● **Given data**:

========================

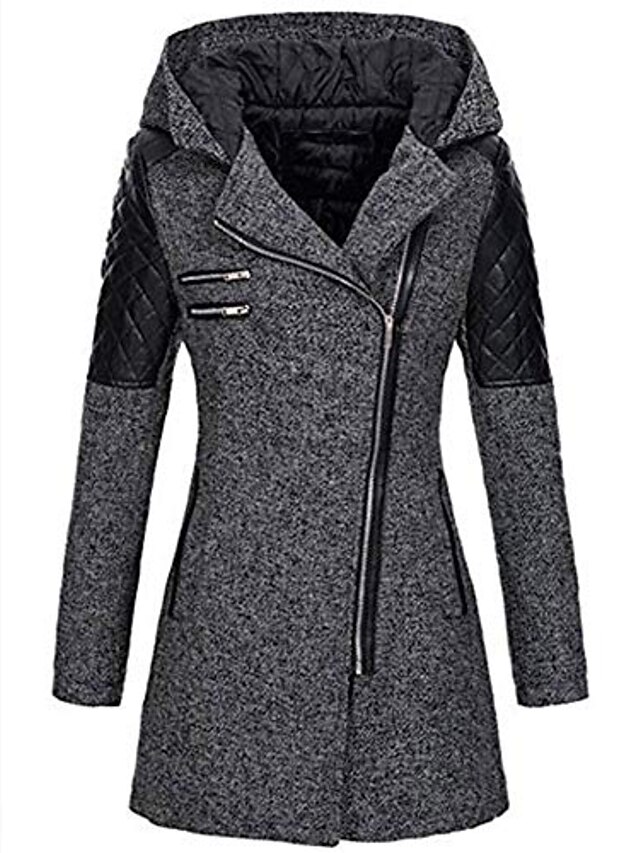  women's warm long sleeves oblique zipper neck splice geometric pattern fleece pullover outwear hooded zipper coat gray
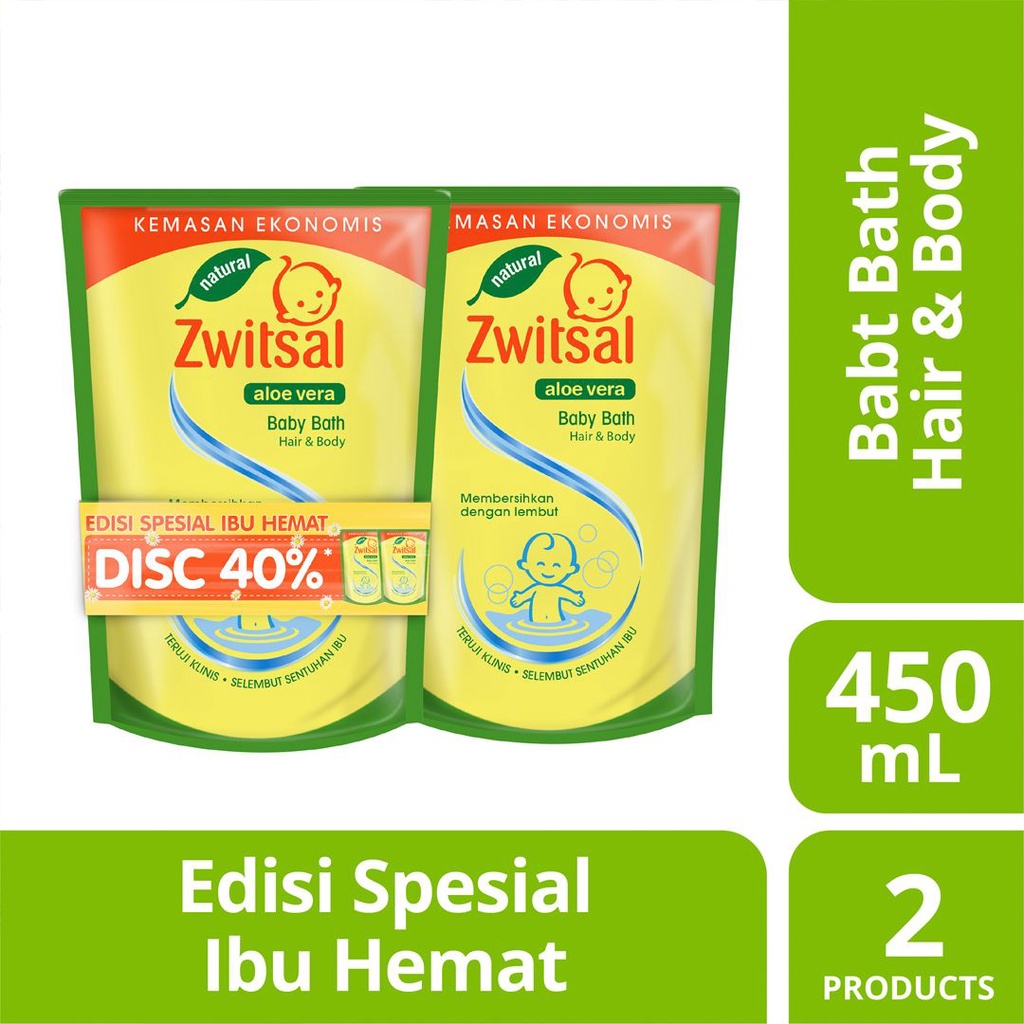 SABUN ZWITSAL BABY BATH ALOE VERA HAIR &amp; BODY BRANDED 2X450ML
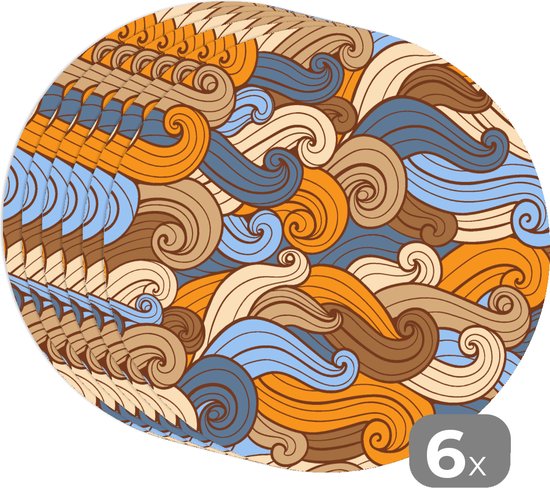 Sets de table ronds - Dessous de verre - Napperons de table ronds - Vintage - Japonais - Motifs - 6 pièces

========================

● **Brief**: Copy the listing over exactly, skipping the pictures it holds.

● **Result of the task**:
  women's warm long sleeves oblique zipper neck splice geometric pattern fleece pullover outwear hooded zipper coat gray
 SABUN ZWITSAL BABY BATH ALOE VERA HAIR &amp; BODY BRANDED 2X450ML
 Sets de table ronds - Dessous de verre - Napperons de table ronds - Vintage - Japonais - Motifs - 6 pièces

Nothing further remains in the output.